Erdöl ist allgegenwärtig. In Kosmetik, Kleidung, Alltagsgegenständen, Treibstoff. Das ist ebenso bekannt wie die verheerenden Auswirkungen dieser Allgegenwart auf die Umwelt. Liesse sich zurückdrängen, was nahezu alle Lebensbereiche beherrscht? Diese Frage stellt Monira Al Qadiri nicht vordergründig. Die Antwort darauf wäre auch schwer zu finden. Aber die in Kuwait aufgewachsene Künstlerin zeigt Erdöl in seiner ebenso faszinierenden wie beunruhigenden Omnipräsenz. Bereits an der letztjährigen Biennale in Venedig fielen ihre Skulpturen auf: Al Qadiri hatte Nachbildungen von Bohrköpfen in schillernd schöne Objekte verwandelt. Für das Kunsthaus Bregenz hat sie diese nun vergrössert und stellt ihnen weitere Arbeiten zur Seite. Deren gemeinsames Thema ist das Erdöl – vom Erdgeschoss bis ins dritte Stockwerk, von der molekularen Ebene bis zur zerstörten Natur.
Pralle Moleküle
Das Foyer dominieren riesige Ballons. Es sind Nachbildungen der Molekularstruktur von petrochemischen Substanzen. Prall und bunt hängen sie im Raum. Ab und an ertönt eine Pumpe, die neue Luft hinzufügt und die Objekte wie Atem durchströmt. Damit funktionieren sie als Sinnbild für die Notwendigkeit erdölbasierter Stoffe im modernen Leben.

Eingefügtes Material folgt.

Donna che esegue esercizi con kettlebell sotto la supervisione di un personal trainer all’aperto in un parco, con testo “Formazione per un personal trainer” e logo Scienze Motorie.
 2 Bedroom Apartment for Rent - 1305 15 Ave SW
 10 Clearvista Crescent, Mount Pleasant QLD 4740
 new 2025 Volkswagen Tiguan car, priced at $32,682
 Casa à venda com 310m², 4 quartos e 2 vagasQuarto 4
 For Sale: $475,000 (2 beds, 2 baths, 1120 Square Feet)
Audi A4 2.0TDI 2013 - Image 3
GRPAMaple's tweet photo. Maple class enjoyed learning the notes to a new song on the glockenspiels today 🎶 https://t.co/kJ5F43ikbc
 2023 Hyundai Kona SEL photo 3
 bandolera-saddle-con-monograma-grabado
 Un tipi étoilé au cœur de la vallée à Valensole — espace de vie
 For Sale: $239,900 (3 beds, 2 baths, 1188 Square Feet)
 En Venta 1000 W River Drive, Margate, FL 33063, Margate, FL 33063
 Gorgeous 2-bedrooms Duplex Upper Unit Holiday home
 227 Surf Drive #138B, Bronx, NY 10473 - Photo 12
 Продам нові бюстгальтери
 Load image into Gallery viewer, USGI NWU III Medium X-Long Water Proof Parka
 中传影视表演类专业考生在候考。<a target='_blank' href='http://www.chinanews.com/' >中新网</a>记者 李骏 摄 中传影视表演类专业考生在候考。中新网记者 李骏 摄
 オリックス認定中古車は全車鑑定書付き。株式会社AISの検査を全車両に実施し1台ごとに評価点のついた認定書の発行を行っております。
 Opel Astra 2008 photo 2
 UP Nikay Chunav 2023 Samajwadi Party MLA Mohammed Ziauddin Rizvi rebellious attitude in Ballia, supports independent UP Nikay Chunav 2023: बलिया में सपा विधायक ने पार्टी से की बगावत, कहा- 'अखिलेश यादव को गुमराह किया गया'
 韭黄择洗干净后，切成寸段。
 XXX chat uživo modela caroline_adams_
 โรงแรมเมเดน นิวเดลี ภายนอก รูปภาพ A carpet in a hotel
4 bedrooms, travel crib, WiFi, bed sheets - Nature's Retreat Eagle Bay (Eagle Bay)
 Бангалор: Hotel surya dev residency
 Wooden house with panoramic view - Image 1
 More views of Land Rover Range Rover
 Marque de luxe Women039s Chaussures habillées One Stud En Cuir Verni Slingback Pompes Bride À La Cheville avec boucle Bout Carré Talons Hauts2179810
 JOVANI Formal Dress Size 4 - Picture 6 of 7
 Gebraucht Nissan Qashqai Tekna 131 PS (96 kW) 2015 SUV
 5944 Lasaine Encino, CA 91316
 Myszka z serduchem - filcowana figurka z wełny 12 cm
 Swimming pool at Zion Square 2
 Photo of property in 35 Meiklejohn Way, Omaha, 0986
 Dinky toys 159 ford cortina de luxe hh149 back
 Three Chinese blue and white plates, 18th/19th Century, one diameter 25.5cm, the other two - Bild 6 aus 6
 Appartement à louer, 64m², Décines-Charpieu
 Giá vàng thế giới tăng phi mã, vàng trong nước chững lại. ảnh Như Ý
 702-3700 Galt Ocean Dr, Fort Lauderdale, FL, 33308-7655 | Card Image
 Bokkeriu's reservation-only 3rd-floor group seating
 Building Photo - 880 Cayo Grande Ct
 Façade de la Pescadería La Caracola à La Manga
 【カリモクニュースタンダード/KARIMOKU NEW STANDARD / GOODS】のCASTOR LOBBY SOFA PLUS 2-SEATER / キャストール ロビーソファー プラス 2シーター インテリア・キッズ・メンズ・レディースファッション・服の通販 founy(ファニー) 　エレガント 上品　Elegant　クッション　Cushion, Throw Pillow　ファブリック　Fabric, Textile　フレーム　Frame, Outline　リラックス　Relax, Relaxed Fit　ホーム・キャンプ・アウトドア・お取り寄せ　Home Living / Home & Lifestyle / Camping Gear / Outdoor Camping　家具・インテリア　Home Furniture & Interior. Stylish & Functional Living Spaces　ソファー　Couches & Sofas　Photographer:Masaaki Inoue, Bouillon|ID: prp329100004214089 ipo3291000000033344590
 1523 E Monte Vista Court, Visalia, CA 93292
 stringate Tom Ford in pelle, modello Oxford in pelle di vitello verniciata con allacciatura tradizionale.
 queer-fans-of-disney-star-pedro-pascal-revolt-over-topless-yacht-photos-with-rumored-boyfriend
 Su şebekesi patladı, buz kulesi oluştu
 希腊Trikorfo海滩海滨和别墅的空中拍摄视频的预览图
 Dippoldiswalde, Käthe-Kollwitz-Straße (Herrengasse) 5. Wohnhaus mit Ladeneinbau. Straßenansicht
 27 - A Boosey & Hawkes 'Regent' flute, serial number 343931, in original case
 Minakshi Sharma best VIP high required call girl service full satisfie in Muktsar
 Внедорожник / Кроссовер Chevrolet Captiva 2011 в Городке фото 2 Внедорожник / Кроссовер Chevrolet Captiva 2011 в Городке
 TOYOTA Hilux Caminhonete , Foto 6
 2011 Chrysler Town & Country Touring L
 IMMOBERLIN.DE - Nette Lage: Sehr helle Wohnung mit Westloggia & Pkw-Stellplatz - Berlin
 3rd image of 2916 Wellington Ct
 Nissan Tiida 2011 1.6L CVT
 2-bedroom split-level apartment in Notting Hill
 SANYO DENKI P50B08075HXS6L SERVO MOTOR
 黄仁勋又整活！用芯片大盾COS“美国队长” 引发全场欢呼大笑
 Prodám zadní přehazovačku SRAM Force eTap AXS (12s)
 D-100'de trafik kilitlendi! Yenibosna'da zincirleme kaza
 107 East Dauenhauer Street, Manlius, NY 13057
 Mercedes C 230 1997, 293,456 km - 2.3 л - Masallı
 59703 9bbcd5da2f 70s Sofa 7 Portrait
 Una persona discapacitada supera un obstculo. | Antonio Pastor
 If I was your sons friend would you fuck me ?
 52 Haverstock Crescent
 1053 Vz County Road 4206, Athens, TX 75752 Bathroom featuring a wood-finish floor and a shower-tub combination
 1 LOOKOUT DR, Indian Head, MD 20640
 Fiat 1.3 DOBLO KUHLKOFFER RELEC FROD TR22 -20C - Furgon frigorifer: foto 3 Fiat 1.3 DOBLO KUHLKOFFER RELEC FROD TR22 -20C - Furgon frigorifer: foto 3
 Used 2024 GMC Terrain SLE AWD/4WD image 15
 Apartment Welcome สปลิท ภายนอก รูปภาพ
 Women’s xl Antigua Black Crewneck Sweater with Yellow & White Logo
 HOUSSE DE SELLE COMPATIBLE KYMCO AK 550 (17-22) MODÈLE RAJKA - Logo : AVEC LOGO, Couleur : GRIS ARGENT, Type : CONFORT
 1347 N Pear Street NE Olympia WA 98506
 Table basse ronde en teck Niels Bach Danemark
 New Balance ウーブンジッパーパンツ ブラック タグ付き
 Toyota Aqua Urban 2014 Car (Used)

Ein Stockwerk weiter oben rotieren die Bohrkerne. Sie dringen hier jedoch nicht in die Tiefe vor, sondern drehen sich langsam und unaufhörlich um sich selbst. Damit kommt ihre aufwendige Lackierung besonders gut zur Geltung. Sie wechselt je nach Blickwinkel die Farbe und lässt die Assoziation mit schillernden Unterwasserwelten zu. Ebendiese gehen jedoch mit der Erdölförderung, den steigenden Meerestemperaturen und an den Müllstrudeln zugrunde. Oder an den Lackierungen der grossen Tanker. Dank dem Lack können sich Meereslebewesen nicht an die Schiffsrümpe heften, er gibt aber Giftstoffe ins Wasser ab, die hormonaktiv wirken und zum Aussterben von Schneckenpopulationen führen. Monira Al Quadiri thematisiert diese Zusammenhänge mit Bullaugen und einem Schneckendialog. Die Bullaugen sind im Treppenhaus montiert und zeigen Tankschiffe mit Muschelnamen. Wenige Schritte weitere unterhalten sich zwei Schneckenhäuser: Sie sprechen darüber, wie sie einst im Meer ihre Geschlechter wechselten. Die Hüllen der stacheligen Tiere sind rot und nahezu raumhoch, alles ist in rotes Licht getaucht. Damit gelingt es der Künstlerin die kühle Atmosphäre im Kunsthaus Bregenz in eine intime Szenerie zu verwandeln und die Aufmerksamkeit auf das beklemmende Gespräch zu lenken.
Leidende Tiere
Den Kontrast dazu zeigt das dritte Obergeschoss. Hier ist der Terrazzoboden des Ausstellungshauses in eine gleissende, weisse Fläche verwandelt. Morgens kurz nach dem Öffnen der Ausstellung sind die Angestellten des Kunsthauses noch damit beschäftigt, die Spuren der Schuhsohlen vom Vortag zu beseitigen, damit die glatte Fläche wieder makellos ist. Dabei gehören auch die aus Erdöl produzierten Schuhsohlen zum Problem, das hier auf drastische Weise dargestellt wird: Monira Al Quadiri hat Dutzende Wasservögel aus schwarzem Glas auf dem weissen Boden verteilt. Sie liegen wie tot in kleinen schwarzen Glaspfützen, wie gestorben im Ölteppich havarierter Tanker oder Ölplattformen. Wie alle anderen ausgestellten Werke ist auch dieses hochästhetisch. Diese Schönheit steht nicht im Widerspruch zum thematisierten Problem, bergen doch Al Qadiris undogmatische Werke die Chance, einen ernsthaften, sachlichen Dialog auch ausserhalb der Kunstszene zu unterstützen.